Do you use Time Machine for your Mac?
Where's the "I used to, but I'm too lazy to plug in a USB hard-drive every now and then" option?
But yeah Time Machine is great, wouldn't recommend anything else for data backup on OS X.
Yes. But I plug in a hard drive via a removable dock on my Airport Extreme. All of the Macs in the house use it to backup and no need to plug in a USB drive to individual Macs. The advantage of the removable dock is that if the drive fails it is easy to replace (4 years now... touch wood) and I can also move the disk directly into a dock on my main Mac when I want to work directly on the disk without network bottleneck.

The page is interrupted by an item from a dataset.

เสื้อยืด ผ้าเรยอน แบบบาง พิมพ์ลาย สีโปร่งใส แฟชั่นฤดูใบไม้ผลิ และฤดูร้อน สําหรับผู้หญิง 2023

I wish more people would use some sort of backup solution. I repair Macs and about 90% of the time when people bring me their Mac with failing hard drive I ask if they have a backup and they just blink... backup? I can sometimes retrieve data for them if the corruption isn't too bad but it can be a laborious process using disk first aid tool.
Yes. I have a TM backup for my MBP and one for my Mac Mini.
Yes, I also combine it with manual backing up of my Users folder with rsync every few days.
I use TM once per day (first thing in the morning) using an external USB3 for my MBP. I use TM normally with an external connected full time to the Mac mini. I also do weekly Carbon Copy Clones to separate partitions on both Macs.
Yep... Time Machine to a Time Capsule then a once a week or so encrypted CCC clone to a SSD in a USB3 enclosure. Then my /Users folder is backed up to Amazon S3 using Arq.
Time Machine app and NAS (raid1 for a fault-tolerance feature).
I have an external drive plugged into my home server for use as a Time Machine volume for all of my Macs.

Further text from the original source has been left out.